### Task directions
Each record below must be reproduced exactly as it reads, with its images omitted.

** Opening Task inputs block **

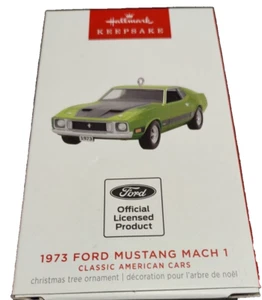 Classic American Cars 1973 Ford Mustang Mach 1 - 2023 Keepsake Metall Ornament - Bild 1 von 4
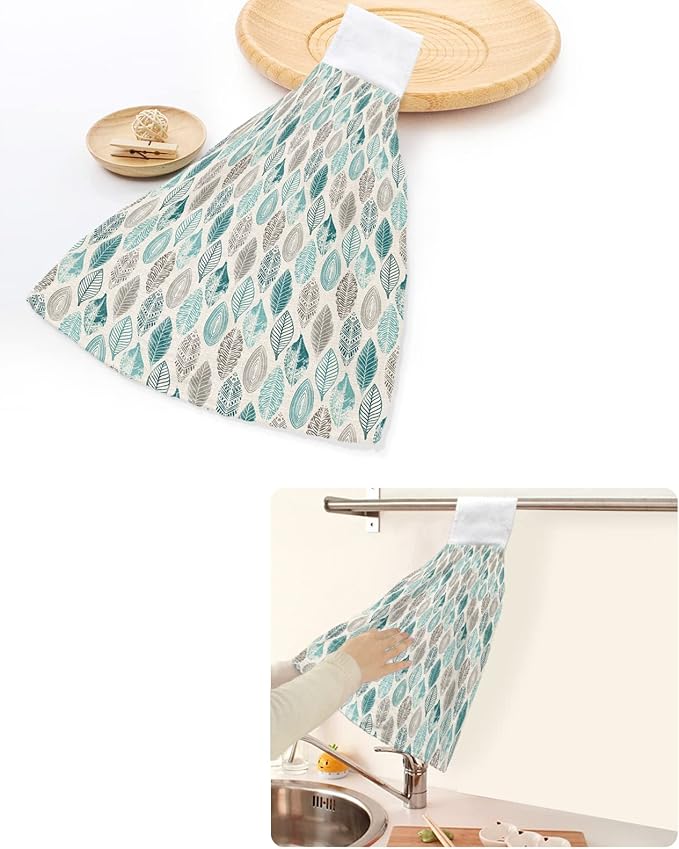 Alandar Home Kitchen Tie Towel Set of 2, Teal Leaf Gray Gradient Leaves Absorbent Soft Hand Towels for Bathroom Hanging Towels, Farm Plant Vintage Linen Fast Drying Cleaning Cloth with Loop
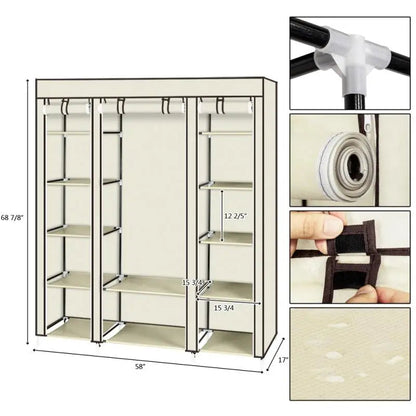 Portable 69 Inch Non-Woven Wardrobe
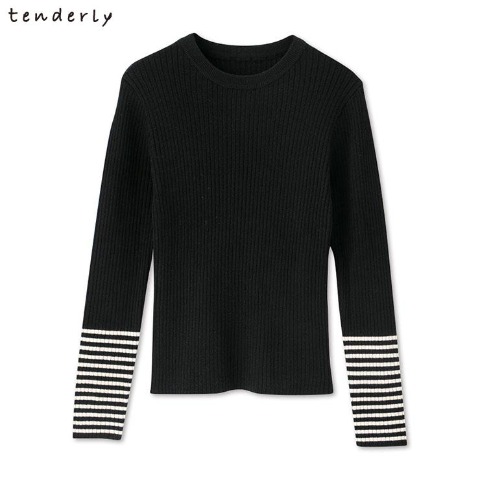 レディース　袖切り替えニットプルオーバー（tenderly）
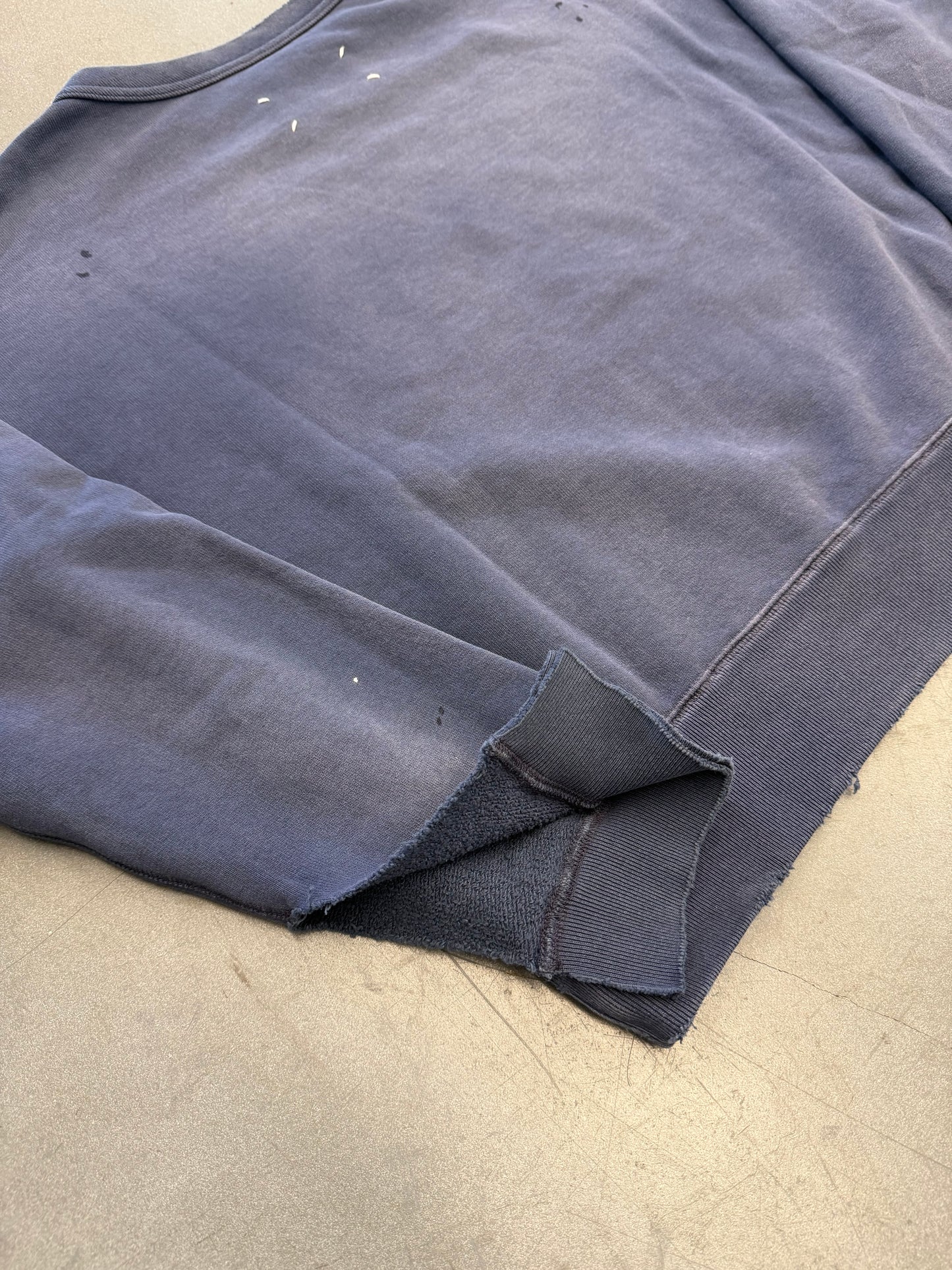 MAISON MARGIELA HANDWRITTEN COTTON SWEATSHIRT - BLUE
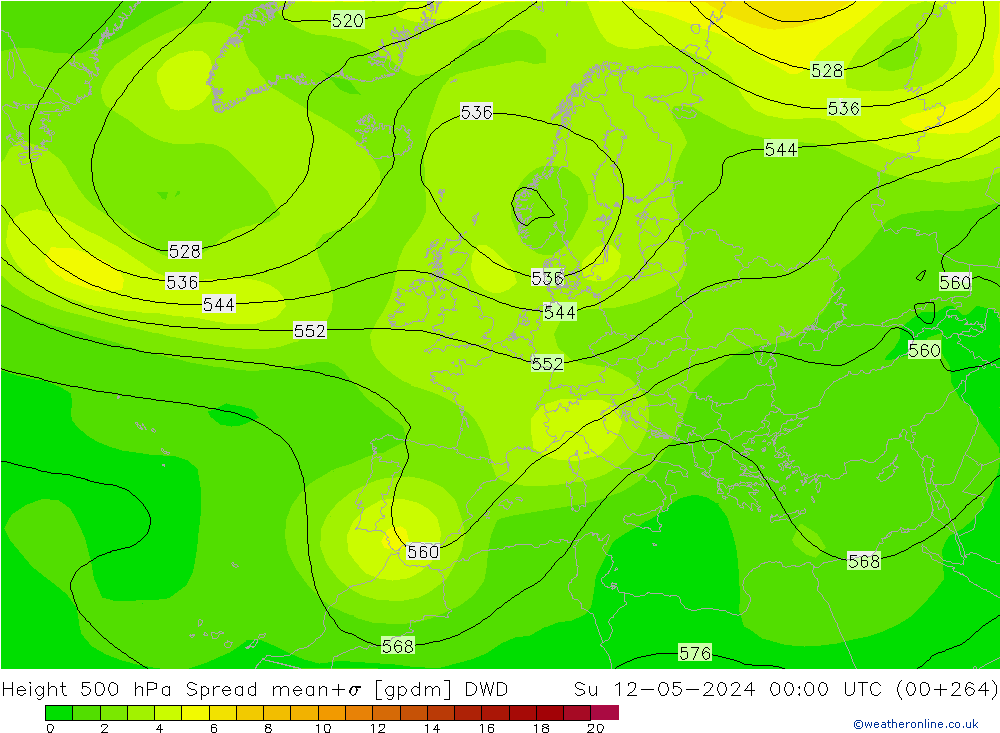 Height 500 hPa Spread DWD nie. 12.05.2024 00 UTC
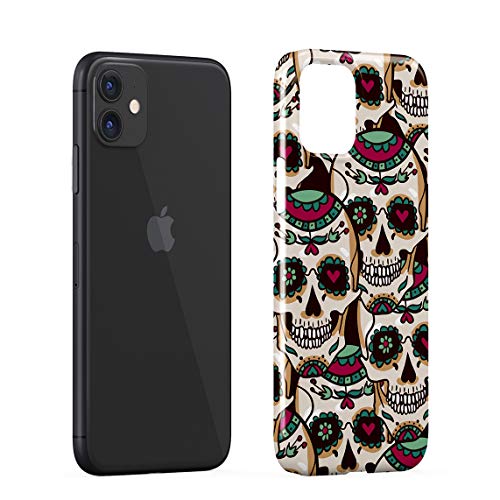 Sugar Candy Mexican Skull Ornaments Pattern Hard Thin Plastic Phone Case Cover For iPhone 11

** Closing Task inputs block **

### Final answer
 Classic American Cars 1973 Ford Mustang Mach 1 - 2023 Keepsake Metall Ornament - Bild 1 von 4
 Alandar Home Kitchen Tie Towel Set of 2, Teal Leaf Gray Gradient Leaves Absorbent Soft Hand Towels for Bathroom Hanging Towels, Farm Plant Vintage Linen Fast Drying Cleaning Cloth with Loop
 Portable 69 Inch Non-Woven Wardrobe
 レディース　袖切り替えニットプルオーバー（tenderly）
 MAISON MARGIELA HANDWRITTEN COTTON SWEATSHIRT - BLUE
 Height 500 hPa Spread DWD nie. 12.05.2024 00 UTC
 Sugar Candy Mexican Skull Ornaments Pattern Hard Thin Plastic Phone Case Cover For iPhone 11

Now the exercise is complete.